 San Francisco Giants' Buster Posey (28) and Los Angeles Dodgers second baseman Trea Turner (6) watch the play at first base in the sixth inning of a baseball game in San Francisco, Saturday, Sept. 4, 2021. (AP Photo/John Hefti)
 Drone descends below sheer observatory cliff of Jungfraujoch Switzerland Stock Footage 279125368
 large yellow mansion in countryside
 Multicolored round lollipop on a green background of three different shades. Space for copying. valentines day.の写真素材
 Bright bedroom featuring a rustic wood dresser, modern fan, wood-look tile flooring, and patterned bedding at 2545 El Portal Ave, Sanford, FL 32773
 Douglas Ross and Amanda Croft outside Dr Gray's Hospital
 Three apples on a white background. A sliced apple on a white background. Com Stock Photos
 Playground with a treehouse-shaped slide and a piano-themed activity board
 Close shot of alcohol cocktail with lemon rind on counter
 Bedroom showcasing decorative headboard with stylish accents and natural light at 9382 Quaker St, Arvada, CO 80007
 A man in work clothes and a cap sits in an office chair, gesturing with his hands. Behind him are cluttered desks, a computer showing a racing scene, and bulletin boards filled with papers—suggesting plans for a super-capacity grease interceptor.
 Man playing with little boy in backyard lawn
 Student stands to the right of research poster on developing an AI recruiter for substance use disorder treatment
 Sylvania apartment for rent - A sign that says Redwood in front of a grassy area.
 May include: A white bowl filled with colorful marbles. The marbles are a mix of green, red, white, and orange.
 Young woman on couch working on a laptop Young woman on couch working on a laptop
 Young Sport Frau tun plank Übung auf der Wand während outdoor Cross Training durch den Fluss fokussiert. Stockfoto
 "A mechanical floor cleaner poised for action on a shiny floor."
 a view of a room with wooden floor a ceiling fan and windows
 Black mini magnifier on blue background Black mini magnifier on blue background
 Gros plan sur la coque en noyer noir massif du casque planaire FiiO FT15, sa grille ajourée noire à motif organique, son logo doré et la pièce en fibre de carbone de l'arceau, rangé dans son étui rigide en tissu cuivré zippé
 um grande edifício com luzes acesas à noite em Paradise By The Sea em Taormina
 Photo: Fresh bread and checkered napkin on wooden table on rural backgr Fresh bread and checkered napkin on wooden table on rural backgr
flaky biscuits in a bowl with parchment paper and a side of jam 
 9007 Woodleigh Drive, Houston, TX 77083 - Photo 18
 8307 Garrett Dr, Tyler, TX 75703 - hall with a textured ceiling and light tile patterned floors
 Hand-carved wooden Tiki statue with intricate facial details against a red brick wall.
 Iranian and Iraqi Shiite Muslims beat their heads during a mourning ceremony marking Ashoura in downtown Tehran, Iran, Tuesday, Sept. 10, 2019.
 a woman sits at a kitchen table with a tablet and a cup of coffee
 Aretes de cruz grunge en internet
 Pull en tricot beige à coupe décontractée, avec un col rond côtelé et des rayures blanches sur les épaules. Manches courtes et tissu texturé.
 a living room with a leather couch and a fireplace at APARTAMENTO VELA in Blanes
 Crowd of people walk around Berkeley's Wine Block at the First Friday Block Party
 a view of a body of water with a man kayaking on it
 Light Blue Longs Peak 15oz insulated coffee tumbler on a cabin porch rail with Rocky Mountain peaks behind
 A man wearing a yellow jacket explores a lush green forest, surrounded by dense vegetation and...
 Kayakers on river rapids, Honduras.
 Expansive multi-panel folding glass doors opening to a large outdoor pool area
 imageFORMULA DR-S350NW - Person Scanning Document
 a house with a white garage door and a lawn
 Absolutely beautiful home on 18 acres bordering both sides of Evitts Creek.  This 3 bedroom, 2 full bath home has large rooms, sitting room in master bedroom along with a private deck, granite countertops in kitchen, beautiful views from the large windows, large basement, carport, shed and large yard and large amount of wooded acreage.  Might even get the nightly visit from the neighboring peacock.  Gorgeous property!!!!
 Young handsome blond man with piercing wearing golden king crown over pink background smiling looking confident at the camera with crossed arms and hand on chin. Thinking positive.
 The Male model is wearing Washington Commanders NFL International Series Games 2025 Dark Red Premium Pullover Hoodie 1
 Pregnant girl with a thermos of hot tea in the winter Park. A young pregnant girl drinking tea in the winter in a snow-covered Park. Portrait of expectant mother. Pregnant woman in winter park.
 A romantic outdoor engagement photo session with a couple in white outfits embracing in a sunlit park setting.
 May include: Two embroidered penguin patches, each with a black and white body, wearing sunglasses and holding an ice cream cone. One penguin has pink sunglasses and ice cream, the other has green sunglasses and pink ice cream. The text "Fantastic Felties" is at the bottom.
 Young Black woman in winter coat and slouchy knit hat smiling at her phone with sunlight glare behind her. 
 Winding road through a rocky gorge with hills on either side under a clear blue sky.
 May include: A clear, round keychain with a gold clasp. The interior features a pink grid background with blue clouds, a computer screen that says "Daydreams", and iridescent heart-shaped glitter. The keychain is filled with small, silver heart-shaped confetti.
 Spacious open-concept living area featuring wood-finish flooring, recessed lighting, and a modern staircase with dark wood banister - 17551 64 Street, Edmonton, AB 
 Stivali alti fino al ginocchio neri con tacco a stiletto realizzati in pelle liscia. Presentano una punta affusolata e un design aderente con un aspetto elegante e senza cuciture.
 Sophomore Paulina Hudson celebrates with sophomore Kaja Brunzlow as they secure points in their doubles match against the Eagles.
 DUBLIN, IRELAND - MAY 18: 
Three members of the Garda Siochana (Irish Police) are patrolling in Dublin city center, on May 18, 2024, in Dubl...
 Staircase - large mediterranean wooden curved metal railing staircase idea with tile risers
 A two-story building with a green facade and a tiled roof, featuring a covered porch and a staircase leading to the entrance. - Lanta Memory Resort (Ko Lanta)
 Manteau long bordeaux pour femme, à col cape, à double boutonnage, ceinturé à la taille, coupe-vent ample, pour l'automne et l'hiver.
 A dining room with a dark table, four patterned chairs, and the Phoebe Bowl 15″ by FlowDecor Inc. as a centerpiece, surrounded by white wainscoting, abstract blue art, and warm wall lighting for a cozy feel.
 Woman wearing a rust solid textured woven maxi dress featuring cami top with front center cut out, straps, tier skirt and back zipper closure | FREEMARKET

▶ _What to do_
Please copy, exactly as written, every line in the listing above from the line with "Winding road through" up to and including the line with "A dining room".

▶ _Solution to the exercise_
 Winding road through a rocky gorge with hills on either side under a clear blue sky.
 May include: A clear, round keychain with a gold clasp. The interior features a pink grid background with blue clouds, a computer screen that says "Daydreams", and iridescent heart-shaped glitter. The keychain is filled with small, silver heart-shaped confetti.
 Spacious open-concept living area featuring wood-finish flooring, recessed lighting, and a modern staircase with dark wood banister - 17551 64 Street, Edmonton, AB 
 Stivali alti fino al ginocchio neri con tacco a stiletto realizzati in pelle liscia. Presentano una punta affusolata e un design aderente con un aspetto elegante e senza cuciture.
 Sophomore Paulina Hudson celebrates with sophomore Kaja Brunzlow as they secure points in their doubles match against the Eagles.
 DUBLIN, IRELAND - MAY 18: 
Three members of the Garda Siochana (Irish Police) are patrolling in Dublin city center, on May 18, 2024, in Dubl...
 Staircase - large mediterranean wooden curved metal railing staircase idea with tile risers
 A two-story building with a green facade and a tiled roof, featuring a covered porch and a staircase leading to the entrance. - Lanta Memory Resort (Ko Lanta)
 Manteau long bordeaux pour femme, à col cape, à double boutonnage, ceinturé à la taille, coupe-vent ample, pour l'automne et l'hiver.
 A dining room with a dark table, four patterned chairs, and the Phoebe Bowl 15″ by FlowDecor Inc. as a centerpiece, surrounded by white wainscoting, abstract blue art, and warm wall lighting for a cozy feel.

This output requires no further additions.